E lo stato d’animo quando il gol non veniva com’era?
«Sempre lo stesso. Si lavora durante la settimana per ottenere il massimo. A volte il risultato è ottimo, a volte non tutto va come si vorrebbe. La cosa più importante è che mi sia inserito subito bene in un gruppo molto unito, che lo scorso anno ha fatto qualcosa di straordinario. Anche alla luce di questo il processo di ambientamento è stato molto più facile del previsto».
Te lo ricorderai a lungo il gol al Cittadella, seppur tra i tanti realizzati in carriera?
«Senza dubbio. Il primo che fai con una nuova maglia equivale a dare il via alla tua storia con quella squadra. Ha un sapore particolare perché io nel Mantova mi trovo molto bene. È stata un’emozione unica. L’emozione grande è stata anche al rientro negli spogliatoi la gioia negli occhi dei miei compagni. Ma non chiedetemi quanti gol farò perché quello ad oggi non posso saperlo. Lo dedico a tutto l’ambiente Mantova: compagni, squadra, staff. Sono orgoglioso perché mi sento parte del progetto biancorosso».
Più bravura o più fortuna per aver fatto passare il pallone decisivo del match tra le gambe del rivale Branca?
«È un gol voluto, anche se un pizzico di buona sorte è necessaria. Ne ho fatti diversi in carriera facendo passare la sfera sotto le gambe del diretto marcatore. Nel momento in cui sto caricando vedo che lui le apre e ne approfitto. Non sempre la palla ma se accade la probabilità di fare gol sono notevoli».
Mancuso è più centravanti o seconda punta?
«Un dilemma che va avanti da tempo. La verità è che nel reparto avanzato ho fatto un po’ tutti i ruoli, giocando per anni anche da attaccante esterno. Voglio dare sempre e comunque il mio contributo ma il ruolo che più mi si addice è probabilmente quello di centravanti. E mi piace stare a ridosso della porta avversaria. E con Mensah le mie caratteristiche si completano molto bene».
Ora si va a Cesena. Il Mantova ha il mal di trasferta?
«Non credo. Dobbiamo continuare a fare noi la partita e sbloccarci con una vittoria. Sono state giocate solo tre gare fuori casa, è presto per un’analisi di questo tipo. A Cesena cerchiamo un successo importante, senza rinunciare alla nostra filosofia di gioco. Sarà bello per lo stadio pieno e la cornice di pubblico. Abbiamo questa settimana per prepararci a dovere e continuare nel percorso di crescita».
Senza i gol e i punti ottenuti a recupero inoltrato il Mantova sarebbe penultimo. Questo dato attesta l’enorme equilibrio che regna tra i cadetti?

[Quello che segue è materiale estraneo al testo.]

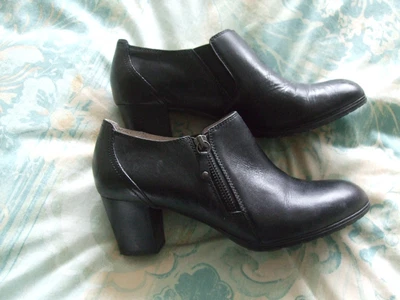 £9.99 • Buy M&S Black Leather Footglove Trouser Shoes Size 6.5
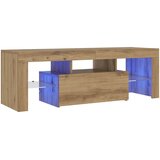 TV ormarić LED boja hrasta 120 x 36,5 x 40 cm konstruirano drvo | Eponuda.ba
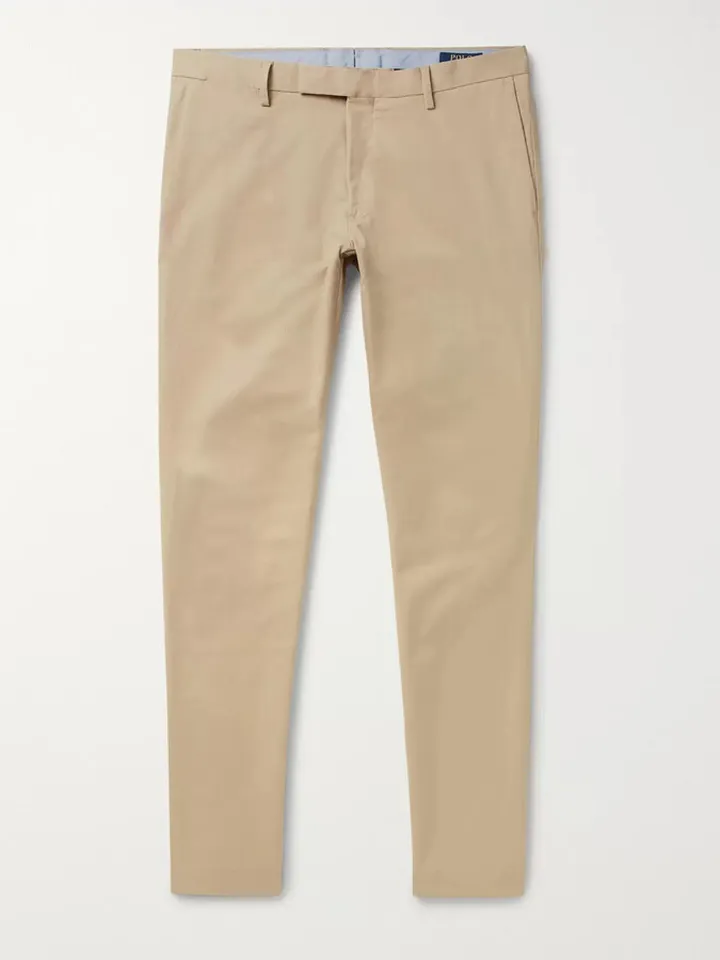 Slim-Fit Stretch-Cotton Twill Chinos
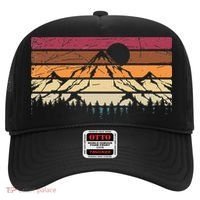 Forest Mountain Outdoors Nature Wildlife Trees Retro Hiking Hat thumb 0
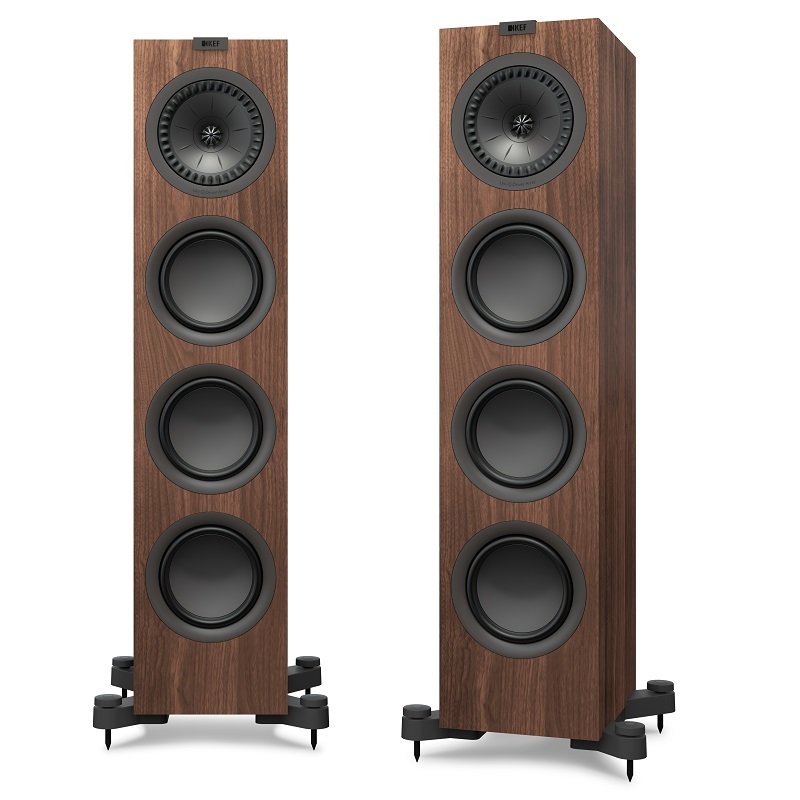 фото Колонки hifi kef q750 walnut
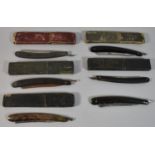 A Collection of Various Cut Throat Razors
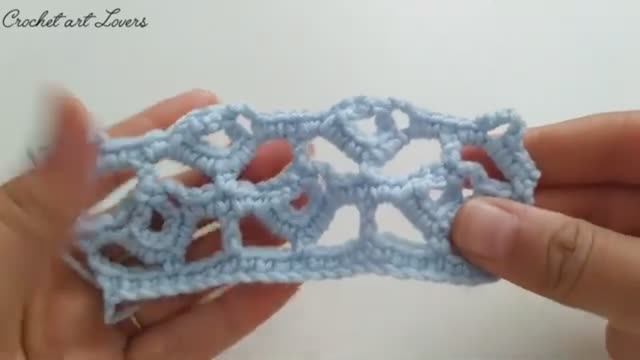 Нежный Узор крючком #узоркрючком #вязание #вязаниекрючком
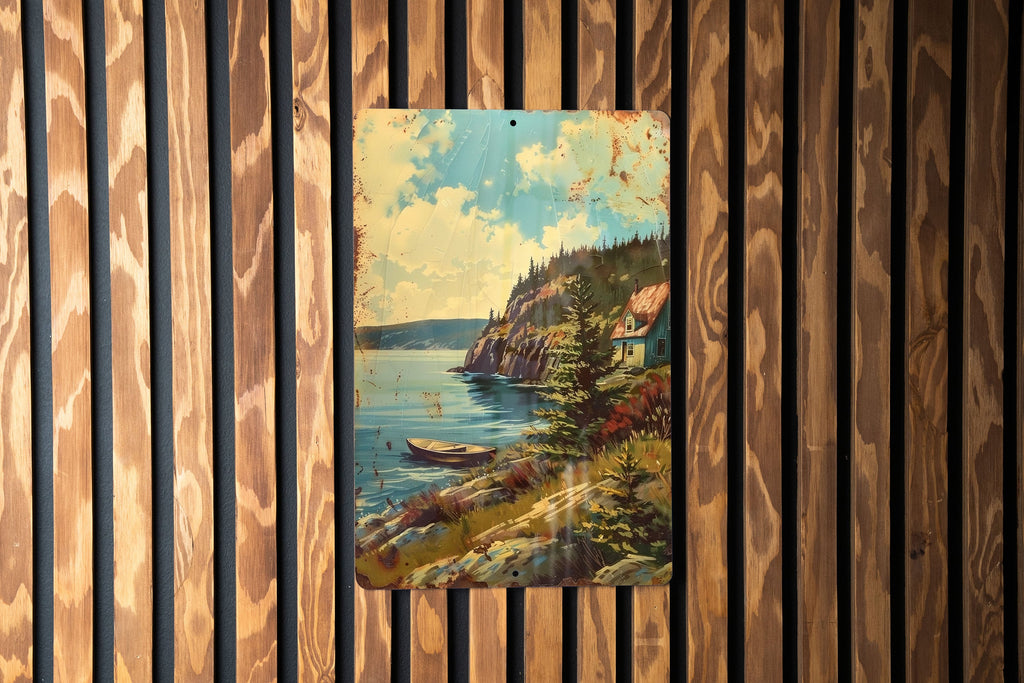 Vintage Newfoundland Sign, Metal Wall Decor, Retro Style Art, Classic Signage, Home Decor Accent — photo 2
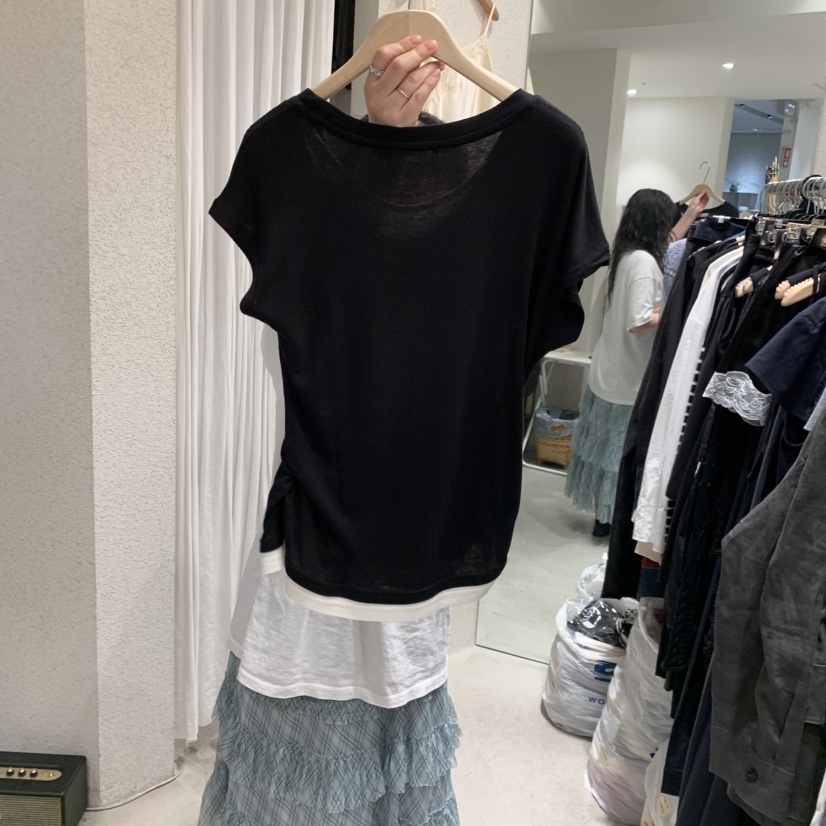 SSEMIENNE韓國直郵女士新款時尚推薦職業人氣26春夏26夏季T恤SSENIQUE/SSEMIENNET恤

«Assolutamente sì. E dimostra che le partite possono cambiare anche all’ultimo secondo. Noi siamo stati bravi a farci trovare pronti a cogliere le opportunità ma sappiamo che sarà sempre così, tutto potrà mutare in qualsiasi istante, fino a quando non arriva il fischio finale».
Dove può arrivare invece il Mantova?
«Ci possiamo divertire facendo un gran bel campionato. Ora è troppo presto dire dove, perché lo stato delle cose è in continua evoluzione per tutte le squadre. Importante è restare sempre concentrati sul presente».